_Input data_
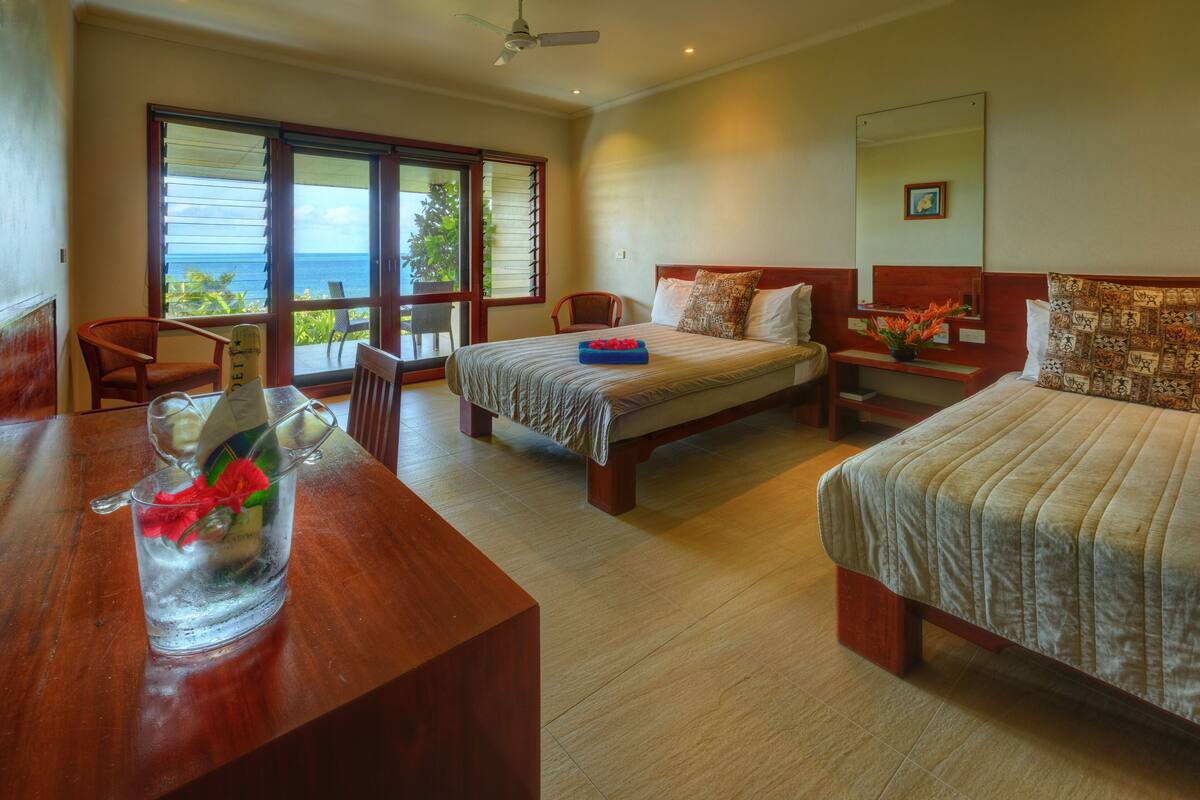 A hotel room with two beds, a desk, and a chair. There is a large window with a view of the ocean.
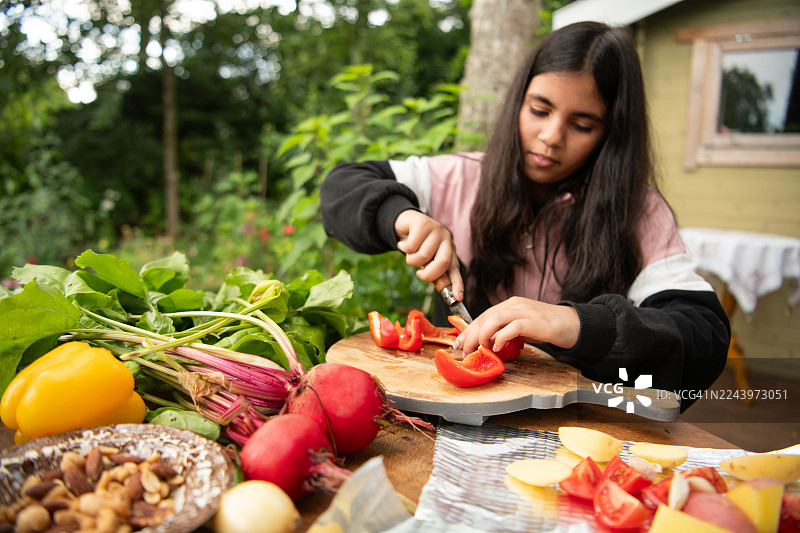 一个女孩正在准备新鲜蔬菜，准备将它们放入烤箱图片素材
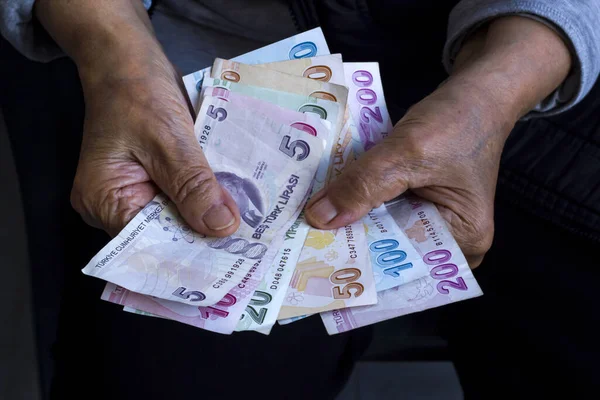 Yaşlı bir adamın elinde siyah gömleğin üzerinde Türk banknotları var. Yakın plan, emeklilik konsepti.
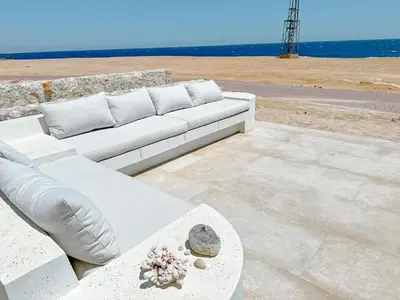 a white couch sitting on top of a patio at Amazing 4 BR Villa in Soma Bay Movin Stay in Hurghada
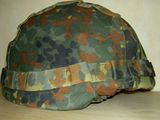 a close up of a camouflage helmet on a table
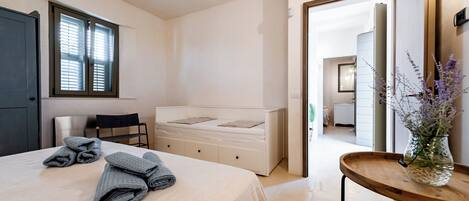A bedroom with a bed, a chair, a bedside table with a vase, and a window with blinds.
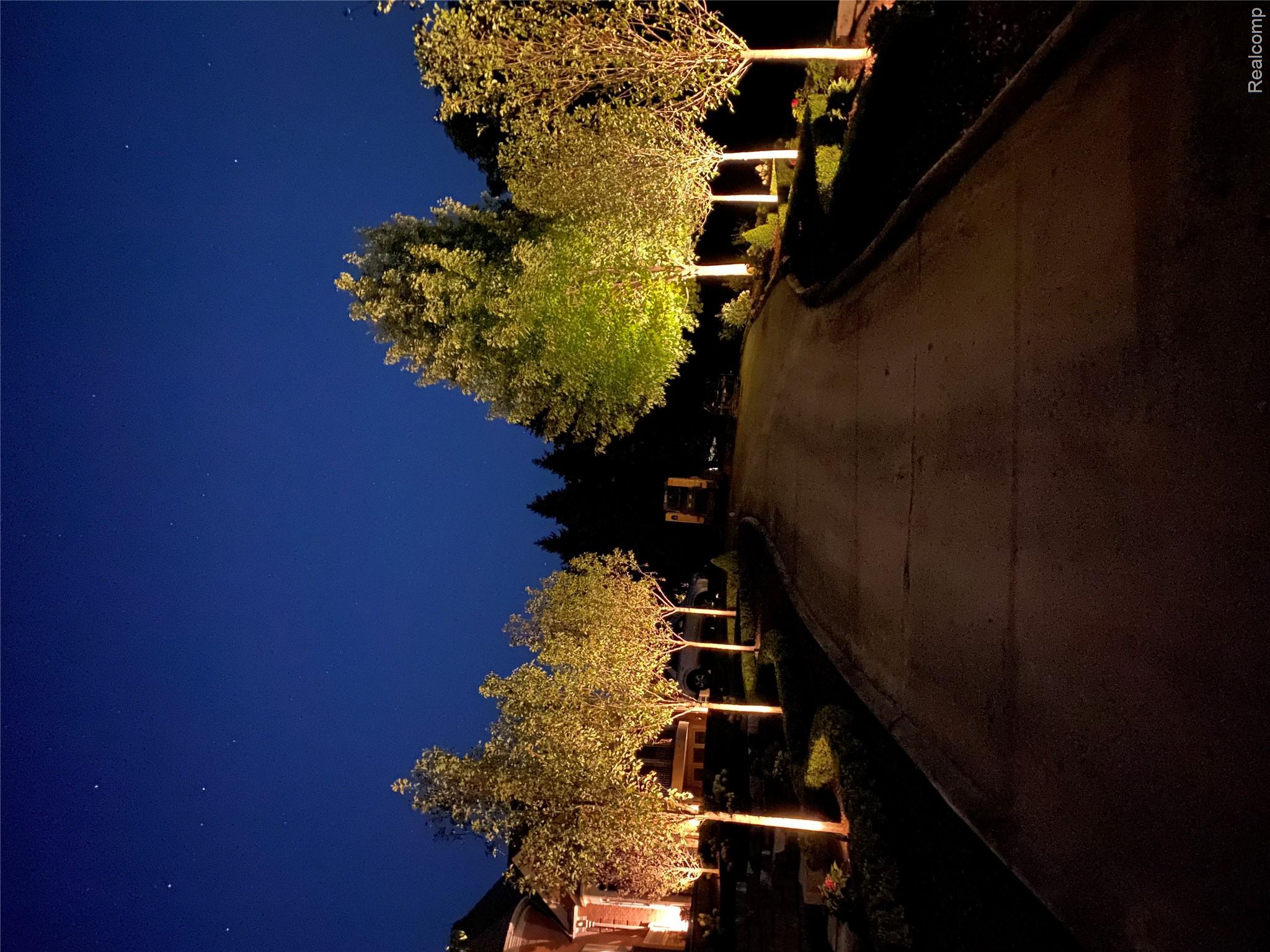 5165 Abbey Drive Rochester, MI 48306 - Photo 4 of 66 Paved driveway framed by mature trees with landscape lighting, illuminating a portion of the property's exterior
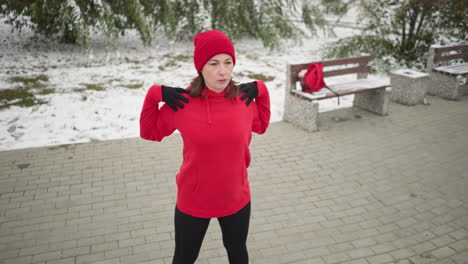 lady performing hand stretch turning her arm in outdoor fitness routine, dressed in athletic wear, background features frosted tree, bag on bench, and snow-covered ground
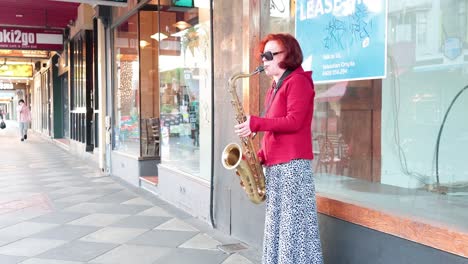 una mujer tocando el saxofón en el muelle de st kilda.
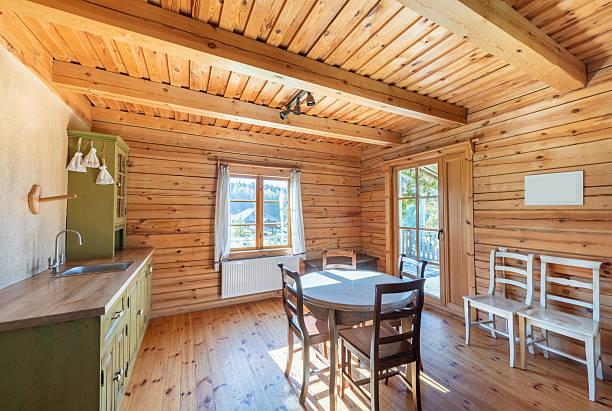 istock Rustic Wooden Home Dining Room with Natural Light and Cozy Interior Decor 2209124308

_Your objective_
Since the pictures don't belong in the copy, copy only the rest of the entries above exactly.

_Exercise output_
 A hotel room with two beds, a desk, and a chair. There is a large window with a view of the ocean.
 一个女孩正在准备新鲜蔬菜，准备将它们放入烤箱图片素材
 Yaşlı bir adamın elinde siyah gömleğin üzerinde Türk banknotları var. Yakın plan, emeklilik konsepti.
 a white couch sitting on top of a patio at Amazing 4 BR Villa in Soma Bay Movin Stay in Hurghada
 a close up of a camouflage helmet on a table
A bedroom with a bed, a chair, a bedside table with a vase, and a window with blinds.
 5165 Abbey Drive Rochester, MI 48306 - Photo 4 of 66 Paved driveway framed by mature trees with landscape lighting, illuminating a portion of the property's exterior
 lady performing hand stretch turning her arm in outdoor fitness routine, dressed in athletic wear, background features frosted tree, bag on bench, and snow-covered ground
 una mujer tocando el saxofón en el muelle de st kilda.
 istock Rustic Wooden Home Dining Room with Natural Light and Cozy Interior Decor 2209124308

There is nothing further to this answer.